I thank D.R. for translating this story from Hebrew proving that being Canadian and knowing Hebrew [in addition to Canadian] is no contradiction. 

:-)

Numerous Jews were exiled to Siberia during and after WWII, many of them from the (now former) Soviet Union.  Among them was a special man by the name Rabbi Mendel Futerfas, a Chabad chassid (who would later become a well-known Chabad Mashpia) interned there in a detention camp.  What occupied him - on regular days but particularly around the chagim - was the need and desire to keep to the Torah and mitzvot, even out in the snowy forests of Siberia, including arranging davening both on chol and chagim.

This was particularly challenging during the yamim nora'im, because while the Jewish prisoners knew the regular tefillot by heart, they had difficulty remembering the many piyutim and additions of the yamim nora'im.

 And so there were a handful of Jews there in the camp during the yamim nora'im, with neither tallis nor machzor, minyan, nor shofar, and they tried to draw from their memories what parts and pieces of the tefillos and piyutim they could, eventually managing to recover at least some of the tefillos.

The one benefit - if you can call it that - was that in such a situation, every section of tefilla takes on new meaning, deeper and clearer; and after pouring such effort into recalling it, it acquires a greatly increased value in the mind of the man who remembered it (as it says in ב"מ לח ע"א, that a man prefers one קב of his own to nine  קבין of his friend, and Rashi explains there that a man values what he has invested himself in).

As they attempted to recall the tefillot, Reb Mendel came to the well-known piyut "וכל מאמינים", and was filled with longing for the past.  He went over and over the familiar words, in their special tune, paying great attention to the meaning of the words.

  And then, in the middle of the niggun, a thought came to him:

Really?

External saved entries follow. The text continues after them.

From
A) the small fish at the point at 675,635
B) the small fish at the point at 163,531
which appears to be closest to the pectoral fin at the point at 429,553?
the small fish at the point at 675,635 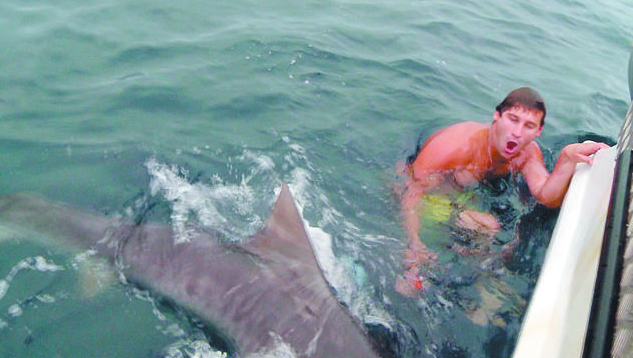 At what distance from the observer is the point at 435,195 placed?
4402mm

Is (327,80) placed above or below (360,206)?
above

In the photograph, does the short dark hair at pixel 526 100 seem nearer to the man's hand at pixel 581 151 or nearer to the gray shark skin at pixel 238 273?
the man's hand at pixel 581 151

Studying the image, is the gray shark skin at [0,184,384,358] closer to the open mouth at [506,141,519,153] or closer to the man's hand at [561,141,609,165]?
the open mouth at [506,141,519,153]

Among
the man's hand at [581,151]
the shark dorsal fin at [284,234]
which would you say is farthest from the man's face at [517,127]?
the shark dorsal fin at [284,234]

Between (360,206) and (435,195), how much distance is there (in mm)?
617

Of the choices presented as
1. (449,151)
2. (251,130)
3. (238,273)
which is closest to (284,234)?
(238,273)

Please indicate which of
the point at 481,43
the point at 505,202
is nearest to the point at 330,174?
the point at 505,202

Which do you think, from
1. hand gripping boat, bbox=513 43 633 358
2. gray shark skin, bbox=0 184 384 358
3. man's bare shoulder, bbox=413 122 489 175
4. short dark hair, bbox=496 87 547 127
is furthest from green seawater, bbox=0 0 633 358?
short dark hair, bbox=496 87 547 127

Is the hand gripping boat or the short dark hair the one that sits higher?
the short dark hair

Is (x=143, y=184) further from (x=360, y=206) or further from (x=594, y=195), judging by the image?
(x=594, y=195)

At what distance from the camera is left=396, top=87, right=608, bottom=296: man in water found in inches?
160

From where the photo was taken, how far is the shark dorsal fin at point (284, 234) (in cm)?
328

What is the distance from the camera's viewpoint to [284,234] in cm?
334

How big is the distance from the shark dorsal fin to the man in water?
83 cm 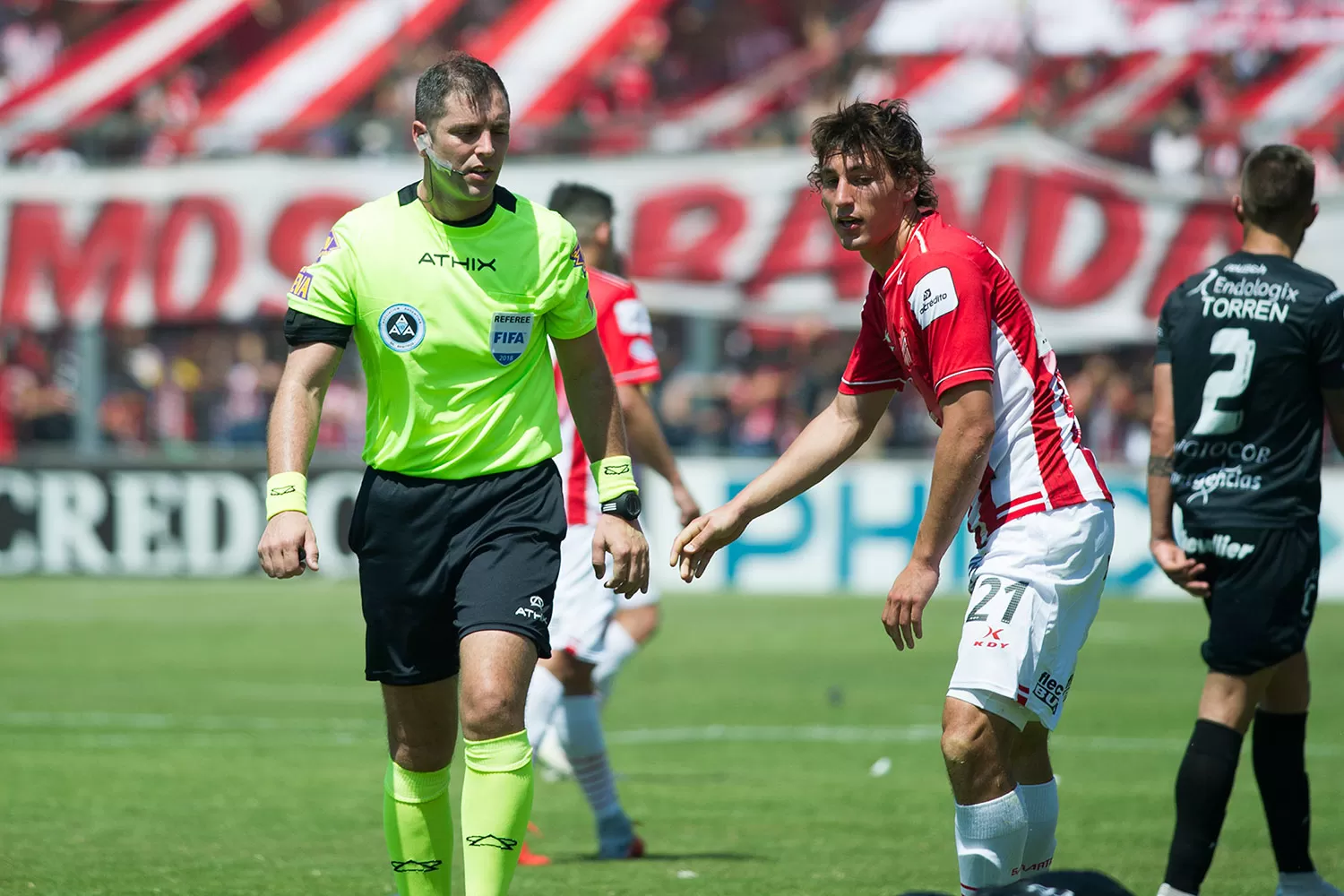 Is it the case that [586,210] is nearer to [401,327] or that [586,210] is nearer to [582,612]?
[582,612]

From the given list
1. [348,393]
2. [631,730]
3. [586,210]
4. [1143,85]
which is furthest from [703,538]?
[348,393]

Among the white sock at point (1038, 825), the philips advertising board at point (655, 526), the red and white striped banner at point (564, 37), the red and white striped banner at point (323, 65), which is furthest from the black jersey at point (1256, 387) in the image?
the red and white striped banner at point (323, 65)

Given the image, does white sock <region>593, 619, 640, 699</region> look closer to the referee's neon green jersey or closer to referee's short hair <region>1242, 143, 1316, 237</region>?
the referee's neon green jersey

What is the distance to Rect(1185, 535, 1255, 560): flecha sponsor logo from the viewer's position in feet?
21.3

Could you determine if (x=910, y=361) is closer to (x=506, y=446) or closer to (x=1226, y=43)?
(x=506, y=446)

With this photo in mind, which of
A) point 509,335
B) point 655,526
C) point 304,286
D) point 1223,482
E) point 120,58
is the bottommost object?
point 655,526

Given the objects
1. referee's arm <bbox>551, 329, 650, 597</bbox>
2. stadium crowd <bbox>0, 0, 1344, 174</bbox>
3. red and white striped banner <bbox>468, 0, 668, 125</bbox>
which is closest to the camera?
referee's arm <bbox>551, 329, 650, 597</bbox>

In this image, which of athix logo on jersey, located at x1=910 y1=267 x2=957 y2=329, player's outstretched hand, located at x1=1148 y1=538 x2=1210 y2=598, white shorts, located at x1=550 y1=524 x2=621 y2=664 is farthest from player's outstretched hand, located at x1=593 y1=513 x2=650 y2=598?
white shorts, located at x1=550 y1=524 x2=621 y2=664

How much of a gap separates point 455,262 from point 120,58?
68.9 ft

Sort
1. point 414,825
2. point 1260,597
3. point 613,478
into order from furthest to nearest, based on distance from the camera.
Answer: point 1260,597
point 613,478
point 414,825

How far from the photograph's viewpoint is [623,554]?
5.71 meters

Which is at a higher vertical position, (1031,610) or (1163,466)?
(1163,466)

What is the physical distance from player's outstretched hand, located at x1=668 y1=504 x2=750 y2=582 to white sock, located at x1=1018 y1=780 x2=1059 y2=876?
3.69 ft

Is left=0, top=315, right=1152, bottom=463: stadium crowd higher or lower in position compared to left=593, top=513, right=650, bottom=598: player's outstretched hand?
higher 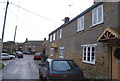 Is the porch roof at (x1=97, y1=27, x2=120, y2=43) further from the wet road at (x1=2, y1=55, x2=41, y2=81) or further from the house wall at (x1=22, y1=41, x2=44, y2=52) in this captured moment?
the house wall at (x1=22, y1=41, x2=44, y2=52)

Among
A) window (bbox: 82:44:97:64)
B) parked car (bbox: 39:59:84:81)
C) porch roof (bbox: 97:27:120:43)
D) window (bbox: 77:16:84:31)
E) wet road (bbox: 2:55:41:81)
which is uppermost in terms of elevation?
window (bbox: 77:16:84:31)

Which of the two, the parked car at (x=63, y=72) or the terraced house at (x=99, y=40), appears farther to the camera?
the terraced house at (x=99, y=40)

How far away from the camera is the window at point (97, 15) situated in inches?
437

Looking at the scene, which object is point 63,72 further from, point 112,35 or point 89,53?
point 89,53

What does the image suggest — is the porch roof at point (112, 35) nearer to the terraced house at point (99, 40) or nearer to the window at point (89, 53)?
the terraced house at point (99, 40)

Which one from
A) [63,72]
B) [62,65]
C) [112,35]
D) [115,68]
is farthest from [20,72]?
[112,35]

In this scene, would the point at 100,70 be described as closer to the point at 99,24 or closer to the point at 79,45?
the point at 99,24

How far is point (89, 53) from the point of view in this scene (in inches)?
499

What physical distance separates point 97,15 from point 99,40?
259cm

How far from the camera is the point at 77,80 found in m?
7.97

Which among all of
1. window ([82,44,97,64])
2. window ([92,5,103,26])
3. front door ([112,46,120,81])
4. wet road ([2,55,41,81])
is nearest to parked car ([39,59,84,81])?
front door ([112,46,120,81])

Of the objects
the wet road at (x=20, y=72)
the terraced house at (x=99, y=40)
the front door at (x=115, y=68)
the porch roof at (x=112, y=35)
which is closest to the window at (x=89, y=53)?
the terraced house at (x=99, y=40)

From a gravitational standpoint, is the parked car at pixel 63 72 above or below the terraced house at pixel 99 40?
below

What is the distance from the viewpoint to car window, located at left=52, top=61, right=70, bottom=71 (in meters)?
8.16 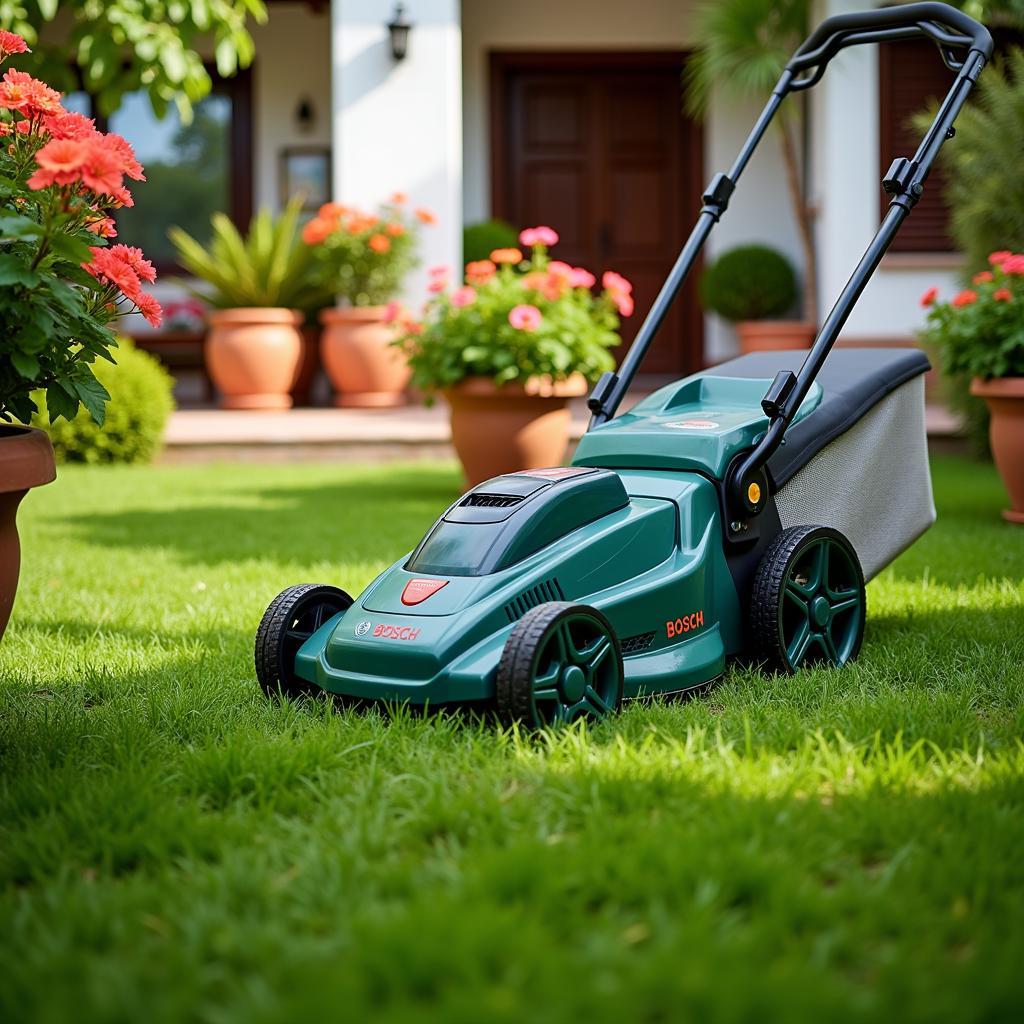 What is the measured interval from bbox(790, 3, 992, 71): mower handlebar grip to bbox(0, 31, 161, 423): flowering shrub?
2021 millimetres

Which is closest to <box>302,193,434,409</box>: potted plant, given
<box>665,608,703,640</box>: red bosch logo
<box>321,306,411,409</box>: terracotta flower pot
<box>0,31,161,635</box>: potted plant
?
<box>321,306,411,409</box>: terracotta flower pot

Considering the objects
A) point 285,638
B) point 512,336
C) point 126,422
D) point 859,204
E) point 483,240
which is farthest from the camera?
point 483,240

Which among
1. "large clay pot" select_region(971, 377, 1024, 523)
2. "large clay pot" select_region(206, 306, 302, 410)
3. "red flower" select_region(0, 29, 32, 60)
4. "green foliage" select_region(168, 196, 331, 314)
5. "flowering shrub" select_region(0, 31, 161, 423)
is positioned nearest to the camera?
"flowering shrub" select_region(0, 31, 161, 423)

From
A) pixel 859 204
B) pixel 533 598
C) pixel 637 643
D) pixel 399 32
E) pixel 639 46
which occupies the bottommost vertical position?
pixel 637 643

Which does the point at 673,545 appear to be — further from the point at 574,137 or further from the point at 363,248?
the point at 574,137

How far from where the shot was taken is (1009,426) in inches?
204

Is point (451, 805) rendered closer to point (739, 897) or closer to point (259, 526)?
point (739, 897)

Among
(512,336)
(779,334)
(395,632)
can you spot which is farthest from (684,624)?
(779,334)

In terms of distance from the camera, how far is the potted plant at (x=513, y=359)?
588 cm

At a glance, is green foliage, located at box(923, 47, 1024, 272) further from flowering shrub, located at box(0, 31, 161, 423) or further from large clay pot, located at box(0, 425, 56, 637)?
large clay pot, located at box(0, 425, 56, 637)

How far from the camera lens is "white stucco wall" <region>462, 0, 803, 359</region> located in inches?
440

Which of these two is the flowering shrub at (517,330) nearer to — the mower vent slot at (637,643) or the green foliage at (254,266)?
the mower vent slot at (637,643)

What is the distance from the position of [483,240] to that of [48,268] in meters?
7.81

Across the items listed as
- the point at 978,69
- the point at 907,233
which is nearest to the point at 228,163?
the point at 907,233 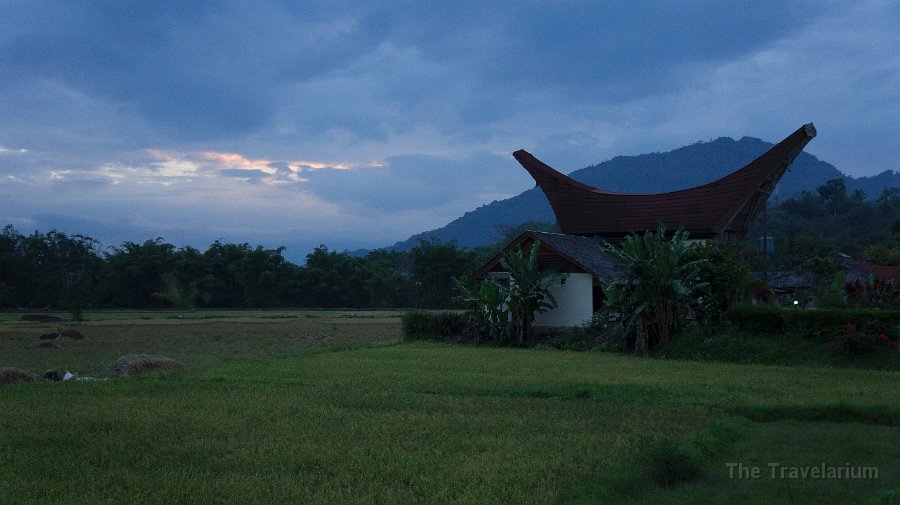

He asked himself.  All those Bolsheviks, Communists and atheists surrounding me every day in this camp - the majority of whom, unfortunately, are children of Avraham, Yitzchak and Ya'akov, and who imagine that they are going to remake the world in the communist image, ה' ירחם - are they also מאמינים?  וכל מאמינים, really?  Are all those under whom I suffer daily, these people who step on all that is holy and dear to the Jewish people, who scorn everything holy and claim that that religion is nothing but "the opiate of the masses", חלילה - are they also believers "שהוא ואין בלתו", "שהוא כל יכול", "שהוא מלך עולם"? [As it says in the piyut.]

Reb Mendel, as a Chasid and a ma'amin, did not let this thought rest long in his heart, but immediately rejected it, saying, "If it is written in the machzor, "וכל מאמינים", this must indeed be the case.  Despite the fact that to the eyes of flesh-and-blood it appears otherwise, still surely כולם מאמינים."

Nonetheless, the thought gnawed at his heart: וכל מאמינים? He saw the exact opposite before him.

And so several days passed, until one night after Yom Kippur, Reb Mendel was lying on his bunk in the prison cabin, late at night and noticed a man on one of the upper bunks staring at him intently.

He began to be afraid, because this was a place where a man's life was not worth much, and murder among the prisoners was commonplace.  The enormous man could crush a "flea" like him, he thought; his face seemed like that of a robber and a murderer.  The man suddenly descended and began to move towards him, and Reb Mendel was filled with dread that his life would shortly come to its end, חלילה. 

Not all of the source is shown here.